_PROVIDED RECORDS_:
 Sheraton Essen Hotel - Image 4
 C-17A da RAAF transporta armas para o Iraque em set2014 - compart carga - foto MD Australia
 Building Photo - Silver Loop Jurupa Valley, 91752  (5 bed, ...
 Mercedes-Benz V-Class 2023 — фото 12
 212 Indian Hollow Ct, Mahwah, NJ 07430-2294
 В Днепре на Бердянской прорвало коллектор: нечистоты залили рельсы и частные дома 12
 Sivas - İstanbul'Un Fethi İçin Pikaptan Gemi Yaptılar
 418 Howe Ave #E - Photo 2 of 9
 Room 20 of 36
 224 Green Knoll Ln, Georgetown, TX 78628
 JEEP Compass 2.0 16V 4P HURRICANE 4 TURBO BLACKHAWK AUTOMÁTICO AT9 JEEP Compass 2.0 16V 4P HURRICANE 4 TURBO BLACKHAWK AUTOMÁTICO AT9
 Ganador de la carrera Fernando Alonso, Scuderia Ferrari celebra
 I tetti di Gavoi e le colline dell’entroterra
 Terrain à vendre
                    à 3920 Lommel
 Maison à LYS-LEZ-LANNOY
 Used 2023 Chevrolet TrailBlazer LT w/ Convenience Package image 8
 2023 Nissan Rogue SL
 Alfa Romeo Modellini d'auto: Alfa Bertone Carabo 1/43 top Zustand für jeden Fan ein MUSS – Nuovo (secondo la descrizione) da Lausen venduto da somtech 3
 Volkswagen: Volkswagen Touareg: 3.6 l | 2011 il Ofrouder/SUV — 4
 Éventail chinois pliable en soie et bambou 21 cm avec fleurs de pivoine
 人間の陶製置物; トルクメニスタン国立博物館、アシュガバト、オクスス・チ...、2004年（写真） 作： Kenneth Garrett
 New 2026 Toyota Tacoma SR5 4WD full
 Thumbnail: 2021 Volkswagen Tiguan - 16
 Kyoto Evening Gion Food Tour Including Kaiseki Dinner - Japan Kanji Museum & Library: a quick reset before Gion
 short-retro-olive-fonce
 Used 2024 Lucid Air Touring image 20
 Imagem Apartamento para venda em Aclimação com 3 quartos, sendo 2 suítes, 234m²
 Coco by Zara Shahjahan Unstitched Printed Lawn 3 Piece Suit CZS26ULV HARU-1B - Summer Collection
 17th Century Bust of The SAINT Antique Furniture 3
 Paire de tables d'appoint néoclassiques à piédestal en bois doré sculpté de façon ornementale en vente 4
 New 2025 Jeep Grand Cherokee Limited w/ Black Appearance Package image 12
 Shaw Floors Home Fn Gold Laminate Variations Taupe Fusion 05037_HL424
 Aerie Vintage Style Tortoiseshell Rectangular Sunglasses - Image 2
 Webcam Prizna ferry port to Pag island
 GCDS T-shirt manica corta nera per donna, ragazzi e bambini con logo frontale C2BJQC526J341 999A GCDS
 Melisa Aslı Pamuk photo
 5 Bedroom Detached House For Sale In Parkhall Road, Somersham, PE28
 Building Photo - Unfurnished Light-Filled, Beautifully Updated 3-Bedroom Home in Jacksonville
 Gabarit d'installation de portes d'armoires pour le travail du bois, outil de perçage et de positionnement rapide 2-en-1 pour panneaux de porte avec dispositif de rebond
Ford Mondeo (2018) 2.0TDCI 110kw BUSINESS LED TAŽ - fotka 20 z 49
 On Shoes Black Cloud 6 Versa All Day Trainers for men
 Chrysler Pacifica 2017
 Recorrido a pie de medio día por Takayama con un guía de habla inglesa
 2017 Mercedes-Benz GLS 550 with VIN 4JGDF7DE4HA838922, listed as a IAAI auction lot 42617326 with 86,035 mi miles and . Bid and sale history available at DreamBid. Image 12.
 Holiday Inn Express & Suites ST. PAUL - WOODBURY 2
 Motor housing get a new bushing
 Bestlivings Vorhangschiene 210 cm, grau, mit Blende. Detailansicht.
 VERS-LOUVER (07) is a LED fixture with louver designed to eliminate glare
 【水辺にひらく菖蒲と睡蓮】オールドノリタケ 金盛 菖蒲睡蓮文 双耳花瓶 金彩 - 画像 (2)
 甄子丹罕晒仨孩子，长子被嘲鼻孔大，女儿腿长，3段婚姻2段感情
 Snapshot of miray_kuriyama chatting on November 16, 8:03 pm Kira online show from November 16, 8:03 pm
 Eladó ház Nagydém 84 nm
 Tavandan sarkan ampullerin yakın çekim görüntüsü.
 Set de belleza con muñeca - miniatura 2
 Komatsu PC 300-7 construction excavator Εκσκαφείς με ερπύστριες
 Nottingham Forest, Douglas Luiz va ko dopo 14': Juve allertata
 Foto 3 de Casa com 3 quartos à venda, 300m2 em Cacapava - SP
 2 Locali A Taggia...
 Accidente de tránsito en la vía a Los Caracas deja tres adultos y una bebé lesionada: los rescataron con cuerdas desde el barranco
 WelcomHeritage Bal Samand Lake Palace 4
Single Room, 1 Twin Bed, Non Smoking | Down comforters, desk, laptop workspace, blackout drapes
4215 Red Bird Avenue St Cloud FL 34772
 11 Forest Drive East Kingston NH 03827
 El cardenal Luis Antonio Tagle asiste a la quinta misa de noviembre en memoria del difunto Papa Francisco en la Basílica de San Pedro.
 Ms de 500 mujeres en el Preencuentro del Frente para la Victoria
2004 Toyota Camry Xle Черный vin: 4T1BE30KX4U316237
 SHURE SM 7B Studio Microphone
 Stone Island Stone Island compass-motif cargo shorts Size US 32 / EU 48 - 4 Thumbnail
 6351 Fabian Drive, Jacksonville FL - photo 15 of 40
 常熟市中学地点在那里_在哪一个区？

_WHAT TO DO_:
Once the listing above has been read, restate it exactly.

_ANSWER FOR THE TASK_:
 Sheraton Essen Hotel - Image 4
 C-17A da RAAF transporta armas para o Iraque em set2014 - compart carga - foto MD Australia
 Building Photo - Silver Loop Jurupa Valley, 91752  (5 bed, ...
 Mercedes-Benz V-Class 2023 — фото 12
 212 Indian Hollow Ct, Mahwah, NJ 07430-2294
 В Днепре на Бердянской прорвало коллектор: нечистоты залили рельсы и частные дома 12
 Sivas - İstanbul'Un Fethi İçin Pikaptan Gemi Yaptılar
 418 Howe Ave #E - Photo 2 of 9
 Room 20 of 36
 224 Green Knoll Ln, Georgetown, TX 78628
 JEEP Compass 2.0 16V 4P HURRICANE 4 TURBO BLACKHAWK AUTOMÁTICO AT9 JEEP Compass 2.0 16V 4P HURRICANE 4 TURBO BLACKHAWK AUTOMÁTICO AT9
 Ganador de la carrera Fernando Alonso, Scuderia Ferrari celebra
 I tetti di Gavoi e le colline dell’entroterra
 Terrain à vendre
                    à 3920 Lommel
 Maison à LYS-LEZ-LANNOY
 Used 2023 Chevrolet TrailBlazer LT w/ Convenience Package image 8
 2023 Nissan Rogue SL
 Alfa Romeo Modellini d'auto: Alfa Bertone Carabo 1/43 top Zustand für jeden Fan ein MUSS – Nuovo (secondo la descrizione) da Lausen venduto da somtech 3
 Volkswagen: Volkswagen Touareg: 3.6 l | 2011 il Ofrouder/SUV — 4
 Éventail chinois pliable en soie et bambou 21 cm avec fleurs de pivoine
 人間の陶製置物; トルクメニスタン国立博物館、アシュガバト、オクスス・チ...、2004年（写真） 作： Kenneth Garrett
 New 2026 Toyota Tacoma SR5 4WD full
 Thumbnail: 2021 Volkswagen Tiguan - 16
 Kyoto Evening Gion Food Tour Including Kaiseki Dinner - Japan Kanji Museum & Library: a quick reset before Gion
 short-retro-olive-fonce
 Used 2024 Lucid Air Touring image 20
 Imagem Apartamento para venda em Aclimação com 3 quartos, sendo 2 suítes, 234m²
 Coco by Zara Shahjahan Unstitched Printed Lawn 3 Piece Suit CZS26ULV HARU-1B - Summer Collection
 17th Century Bust of The SAINT Antique Furniture 3
 Paire de tables d'appoint néoclassiques à piédestal en bois doré sculpté de façon ornementale en vente 4
 New 2025 Jeep Grand Cherokee Limited w/ Black Appearance Package image 12
 Shaw Floors Home Fn Gold Laminate Variations Taupe Fusion 05037_HL424
 Aerie Vintage Style Tortoiseshell Rectangular Sunglasses - Image 2
 Webcam Prizna ferry port to Pag island
 GCDS T-shirt manica corta nera per donna, ragazzi e bambini con logo frontale C2BJQC526J341 999A GCDS
 Melisa Aslı Pamuk photo
 5 Bedroom Detached House For Sale In Parkhall Road, Somersham, PE28
 Building Photo - Unfurnished Light-Filled, Beautifully Updated 3-Bedroom Home in Jacksonville
 Gabarit d'installation de portes d'armoires pour le travail du bois, outil de perçage et de positionnement rapide 2-en-1 pour panneaux de porte avec dispositif de rebond
Ford Mondeo (2018) 2.0TDCI 110kw BUSINESS LED TAŽ - fotka 20 z 49
 On Shoes Black Cloud 6 Versa All Day Trainers for men
 Chrysler Pacifica 2017
 Recorrido a pie de medio día por Takayama con un guía de habla inglesa
 2017 Mercedes-Benz GLS 550 with VIN 4JGDF7DE4HA838922, listed as a IAAI auction lot 42617326 with 86,035 mi miles and . Bid and sale history available at DreamBid. Image 12.
 Holiday Inn Express & Suites ST. PAUL - WOODBURY 2
 Motor housing get a new bushing
 Bestlivings Vorhangschiene 210 cm, grau, mit Blende. Detailansicht.
 VERS-LOUVER (07) is a LED fixture with louver designed to eliminate glare
 【水辺にひらく菖蒲と睡蓮】オールドノリタケ 金盛 菖蒲睡蓮文 双耳花瓶 金彩 - 画像 (2)
 甄子丹罕晒仨孩子，长子被嘲鼻孔大，女儿腿长，3段婚姻2段感情
 Snapshot of miray_kuriyama chatting on November 16, 8:03 pm Kira online show from November 16, 8:03 pm
 Eladó ház Nagydém 84 nm
 Tavandan sarkan ampullerin yakın çekim görüntüsü.
 Set de belleza con muñeca - miniatura 2
 Komatsu PC 300-7 construction excavator Εκσκαφείς με ερπύστριες
 Nottingham Forest, Douglas Luiz va ko dopo 14': Juve allertata
 Foto 3 de Casa com 3 quartos à venda, 300m2 em Cacapava - SP
 2 Locali A Taggia...
 Accidente de tránsito en la vía a Los Caracas deja tres adultos y una bebé lesionada: los rescataron con cuerdas desde el barranco
 WelcomHeritage Bal Samand Lake Palace 4
Single Room, 1 Twin Bed, Non Smoking | Down comforters, desk, laptop workspace, blackout drapes
4215 Red Bird Avenue St Cloud FL 34772
 11 Forest Drive East Kingston NH 03827
 El cardenal Luis Antonio Tagle asiste a la quinta misa de noviembre en memoria del difunto Papa Francisco en la Basílica de San Pedro.
 Ms de 500 mujeres en el Preencuentro del Frente para la Victoria
2004 Toyota Camry Xle Черный vin: 4T1BE30KX4U316237
 SHURE SM 7B Studio Microphone
 Stone Island Stone Island compass-motif cargo shorts Size US 32 / EU 48 - 4 Thumbnail
 6351 Fabian Drive, Jacksonville FL - photo 15 of 40
 常熟市中学地点在那里_在哪一个区？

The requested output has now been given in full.